Last week, they also heard from Kane about the importance of keeping the estuary clean.
Sarasota Bay is a nursery for fish, dolphins, and other marine life, with manatee grass and turtle grass providing food for the animals they're named for, she told the group of nine-year-olds.
Oil, trash, fertilizers, pesticides and other pollutants wash into the bay from many sources, which she illustrated on a model of a small city.
Kane let the kids "trash" the city, using oatmeal to represent garbage, chocolate syrup to represent dog waste, powdered drink mix to represent fertilizers and pesticides and other pollutants.

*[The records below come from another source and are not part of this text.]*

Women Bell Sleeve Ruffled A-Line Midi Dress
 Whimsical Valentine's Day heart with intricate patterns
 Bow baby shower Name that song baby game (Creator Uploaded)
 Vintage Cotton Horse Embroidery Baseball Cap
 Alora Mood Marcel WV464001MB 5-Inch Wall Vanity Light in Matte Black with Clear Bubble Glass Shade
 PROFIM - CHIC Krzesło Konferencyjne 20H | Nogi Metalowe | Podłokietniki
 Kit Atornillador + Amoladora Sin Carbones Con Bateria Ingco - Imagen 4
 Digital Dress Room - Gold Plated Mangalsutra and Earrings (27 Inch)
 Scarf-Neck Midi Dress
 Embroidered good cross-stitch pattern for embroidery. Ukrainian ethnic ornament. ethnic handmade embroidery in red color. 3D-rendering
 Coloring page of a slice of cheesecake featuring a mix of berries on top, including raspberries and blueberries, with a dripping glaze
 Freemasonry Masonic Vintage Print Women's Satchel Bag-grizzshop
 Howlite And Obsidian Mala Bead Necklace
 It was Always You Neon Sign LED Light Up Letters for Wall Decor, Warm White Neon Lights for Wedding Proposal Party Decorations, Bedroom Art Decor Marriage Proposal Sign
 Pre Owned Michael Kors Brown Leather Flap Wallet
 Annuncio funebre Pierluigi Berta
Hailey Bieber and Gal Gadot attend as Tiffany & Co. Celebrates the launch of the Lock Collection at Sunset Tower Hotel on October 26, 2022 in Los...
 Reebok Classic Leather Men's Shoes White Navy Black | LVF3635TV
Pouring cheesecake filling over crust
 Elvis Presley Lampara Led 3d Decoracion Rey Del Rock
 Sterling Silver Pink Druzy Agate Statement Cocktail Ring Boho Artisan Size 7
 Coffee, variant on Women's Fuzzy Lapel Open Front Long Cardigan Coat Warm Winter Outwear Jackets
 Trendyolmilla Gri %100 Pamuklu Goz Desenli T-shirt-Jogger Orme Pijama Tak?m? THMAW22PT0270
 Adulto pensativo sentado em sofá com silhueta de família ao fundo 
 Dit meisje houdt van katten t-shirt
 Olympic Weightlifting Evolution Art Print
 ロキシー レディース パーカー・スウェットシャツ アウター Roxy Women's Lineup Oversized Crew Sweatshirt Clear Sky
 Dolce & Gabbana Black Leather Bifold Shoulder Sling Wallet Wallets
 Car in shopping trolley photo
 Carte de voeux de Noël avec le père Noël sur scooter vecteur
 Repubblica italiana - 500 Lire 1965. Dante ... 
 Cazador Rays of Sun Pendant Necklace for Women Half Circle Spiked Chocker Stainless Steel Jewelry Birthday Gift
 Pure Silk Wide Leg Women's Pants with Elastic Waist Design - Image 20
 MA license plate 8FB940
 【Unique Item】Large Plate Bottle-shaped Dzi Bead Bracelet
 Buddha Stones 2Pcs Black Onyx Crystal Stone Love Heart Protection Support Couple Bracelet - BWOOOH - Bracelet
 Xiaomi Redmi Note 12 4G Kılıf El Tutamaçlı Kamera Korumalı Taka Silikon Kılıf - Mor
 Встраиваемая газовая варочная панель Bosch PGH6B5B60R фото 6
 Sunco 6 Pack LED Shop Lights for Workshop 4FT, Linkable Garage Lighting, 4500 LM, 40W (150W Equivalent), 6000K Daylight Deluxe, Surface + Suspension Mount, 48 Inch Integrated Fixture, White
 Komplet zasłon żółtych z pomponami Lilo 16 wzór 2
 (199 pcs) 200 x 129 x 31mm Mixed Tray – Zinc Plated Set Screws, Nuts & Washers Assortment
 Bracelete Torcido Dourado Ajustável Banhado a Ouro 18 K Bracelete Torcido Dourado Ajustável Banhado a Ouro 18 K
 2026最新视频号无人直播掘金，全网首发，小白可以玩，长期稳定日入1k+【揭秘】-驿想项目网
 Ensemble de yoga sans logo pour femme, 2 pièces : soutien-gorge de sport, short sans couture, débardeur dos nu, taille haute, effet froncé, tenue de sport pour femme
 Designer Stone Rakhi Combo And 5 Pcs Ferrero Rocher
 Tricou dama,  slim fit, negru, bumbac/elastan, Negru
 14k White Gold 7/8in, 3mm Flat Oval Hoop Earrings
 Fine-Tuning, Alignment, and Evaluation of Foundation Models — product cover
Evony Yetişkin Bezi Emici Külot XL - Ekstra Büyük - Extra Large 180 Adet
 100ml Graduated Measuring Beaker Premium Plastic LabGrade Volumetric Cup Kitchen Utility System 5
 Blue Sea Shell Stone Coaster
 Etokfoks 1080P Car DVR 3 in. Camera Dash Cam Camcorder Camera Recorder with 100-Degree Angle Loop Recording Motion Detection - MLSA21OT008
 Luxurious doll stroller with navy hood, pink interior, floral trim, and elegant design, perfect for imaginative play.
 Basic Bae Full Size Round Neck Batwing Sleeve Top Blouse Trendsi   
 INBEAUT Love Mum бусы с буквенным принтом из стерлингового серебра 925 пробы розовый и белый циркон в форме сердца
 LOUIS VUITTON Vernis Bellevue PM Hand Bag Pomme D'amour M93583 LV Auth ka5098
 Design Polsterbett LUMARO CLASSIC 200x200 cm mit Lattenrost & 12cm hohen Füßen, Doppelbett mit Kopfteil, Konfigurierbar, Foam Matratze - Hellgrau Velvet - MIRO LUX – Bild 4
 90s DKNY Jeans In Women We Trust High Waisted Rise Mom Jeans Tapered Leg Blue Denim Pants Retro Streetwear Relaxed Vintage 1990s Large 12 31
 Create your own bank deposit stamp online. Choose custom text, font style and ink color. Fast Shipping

Imitating a hard rain, she poured water over the city, demonstrating how everything eventually runs to the lowest point – rivers, bays and the Gulf of Mexico.
Lessons learned include riding bikes and walking instead of using cars, fixing leaks in cars, using cloth bags and metal water bottles instead of plastic, picking up trash and dog waste and limiting fertilizer and pesticide use by planting native plants.
The group then explored U.S. Coast Guard Station Cortez, where they checked out the seagrass growing along the seawall and boarded a Coast Guard vessel for a tour.